JASMIN provides both interactive and batch computing environments,  recognising  that scientists often need to develop and test workflows interactively before running those workflows efficiently at scale. Nodes within LOTUS run the same stack of software and can access the same high-performance storage as the JASMIN Scientific Analysis servers, ensuring a consistent working environment for all phases of users' workflows.

See LOTUS Hardware for details of the current LOTUS environment summarised in this schematic presentation 

Figure 1 shows a schematic presentation of the LOTUS cluster and its environment  

When to use LOTUS 

LOTUS is ideally suited to workflows which need to process or compare entire datasets, stored either in Group Workspaces or in the CEDA archives. The latter are directly accessible read-only so can be processed in-place without the need to copy files. Intermediate working files (within batch jobs) should be stored temporarily in  /work/scratch-pw*  and /work/scratch-nopw volumes which are shared across the cluster, while persistent outputs can be written efficiently to Group Workspaces and shared with collaborators for the duration of a project.

See  Access to Storage for details about which file systems are appropriate to use and how to access them.

LOTUS currently has around 13000 cores, but is heavily used and implements a fair-share scheduling system between users. It is not intended as a substitute for dedicated HPC facilities, rather as a complementary environment in which model outputs can be analyzed and compared with observational data. Users with large-scale compute-heavy requirements (in particular those requiring large-scale parallel processing) should look to access other parts of the national HPC infrastructure such as  ARCHER or MONSooN.
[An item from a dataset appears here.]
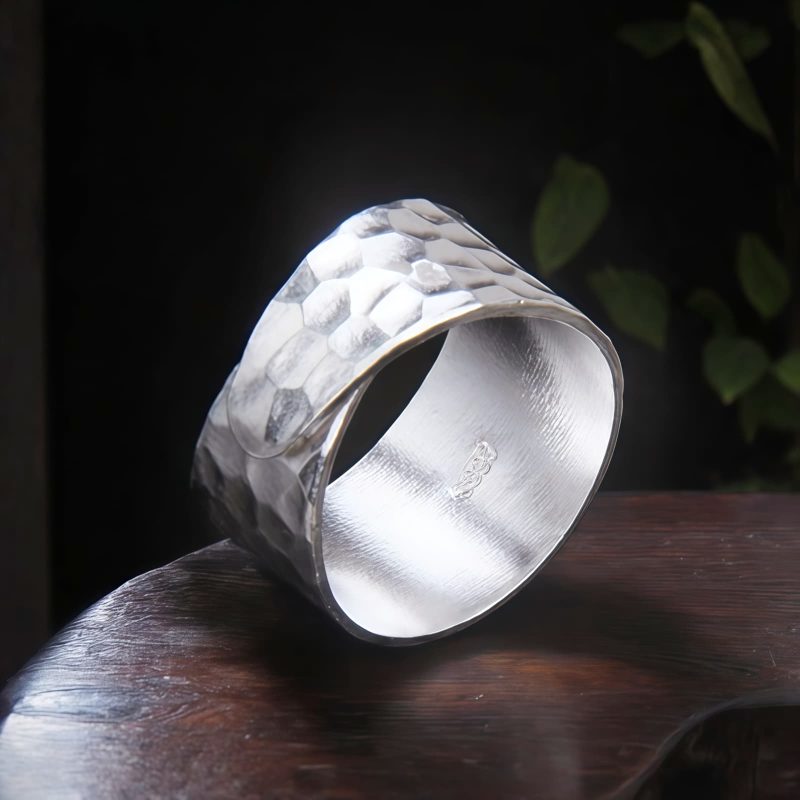Anel Tibetano Martellado Feito à Mão em Prata 990 Tibetan 990 Silver Handmade Rustic Hammered Ring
In order to maintain a safe and reliable working environment for all within LOTUS and more widely within JASMIN, users are expected to follow the best practice outlined in this documentation.

How to gain access to LOTUS 

LOTUS is accessible via the batch scheduler system SLURM that is running across all JASMIN scientific analysis servers and the LOTUS head node:

sci[1-6].jasmin.ac.uk
sci8.jasmin.ac.uk

From the above servers, it is possible to submit, monitor, and control batch jobs using the SLURM commands.

Please note that if you have only recently requested access to JASMIN login services and had this approved, there can sometimes be a delay (typically up to a day, but in rare cases can be longer) before the necessary configuration is created for you on LOTUS. You will not be able to submit jobs to LOTUS queues until this has been completed. Typically you would see an error message such as this, in this case after an unsuccessful attempt to submit to the short-serial queue:

sbatch: error: Batch job submission failed: Invalid account or account/partition combination specified

If this occurs, please try again in 24 hours before contacting the JASMIN help desk.